● Task directions:
Copy out every entry, keeping each character the same.

Web page caption snippets
------------------------------
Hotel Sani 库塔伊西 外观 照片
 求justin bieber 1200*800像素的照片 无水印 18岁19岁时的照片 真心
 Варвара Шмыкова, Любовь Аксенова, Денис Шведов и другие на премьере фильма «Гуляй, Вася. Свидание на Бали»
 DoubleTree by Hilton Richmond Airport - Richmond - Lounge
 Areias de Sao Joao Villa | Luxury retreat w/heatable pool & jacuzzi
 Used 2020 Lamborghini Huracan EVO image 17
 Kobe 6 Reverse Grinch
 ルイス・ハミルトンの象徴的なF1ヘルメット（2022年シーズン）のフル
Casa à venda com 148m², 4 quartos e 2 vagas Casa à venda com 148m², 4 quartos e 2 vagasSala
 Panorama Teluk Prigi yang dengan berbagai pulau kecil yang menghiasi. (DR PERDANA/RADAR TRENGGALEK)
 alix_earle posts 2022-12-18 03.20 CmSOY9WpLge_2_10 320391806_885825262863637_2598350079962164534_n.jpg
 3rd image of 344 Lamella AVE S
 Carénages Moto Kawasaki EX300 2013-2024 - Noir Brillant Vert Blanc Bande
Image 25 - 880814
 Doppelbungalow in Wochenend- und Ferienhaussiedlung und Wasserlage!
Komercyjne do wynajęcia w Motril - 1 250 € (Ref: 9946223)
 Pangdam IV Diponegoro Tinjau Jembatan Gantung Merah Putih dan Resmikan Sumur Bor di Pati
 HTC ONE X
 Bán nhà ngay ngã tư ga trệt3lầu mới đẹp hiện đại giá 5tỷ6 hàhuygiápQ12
------------------------------
● Result of the exercise:
Hotel Sani 库塔伊西 外观 照片
 求justin bieber 1200*800像素的照片 无水印 18岁19岁时的照片 真心
 Варвара Шмыкова, Любовь Аксенова, Денис Шведов и другие на премьере фильма «Гуляй, Вася. Свидание на Бали»
 DoubleTree by Hilton Richmond Airport - Richmond - Lounge
 Areias de Sao Joao Villa | Luxury retreat w/heatable pool & jacuzzi
 Used 2020 Lamborghini Huracan EVO image 17
 Kobe 6 Reverse Grinch
 ルイス・ハミルトンの象徴的なF1ヘルメット（2022年シーズン）のフル
Casa à venda com 148m², 4 quartos e 2 vagas Casa à venda com 148m², 4 quartos e 2 vagasSala
 Panorama Teluk Prigi yang dengan berbagai pulau kecil yang menghiasi. (DR PERDANA/RADAR TRENGGALEK)
 alix_earle posts 2022-12-18 03.20 CmSOY9WpLge_2_10 320391806_885825262863637_2598350079962164534_n.jpg
 3rd image of 344 Lamella AVE S
 Carénages Moto Kawasaki EX300 2013-2024 - Noir Brillant Vert Blanc Bande
Image 25 - 880814
 Doppelbungalow in Wochenend- und Ferienhaussiedlung und Wasserlage!
Komercyjne do wynajęcia w Motril - 1 250 € (Ref: 9946223)
 Pangdam IV Diponegoro Tinjau Jembatan Gantung Merah Putih dan Resmikan Sumur Bor di Pati
 HTC ONE X
 Bán nhà ngay ngã tư ga trệt3lầu mới đẹp hiện đại giá 5tỷ6 hàhuygiápQ12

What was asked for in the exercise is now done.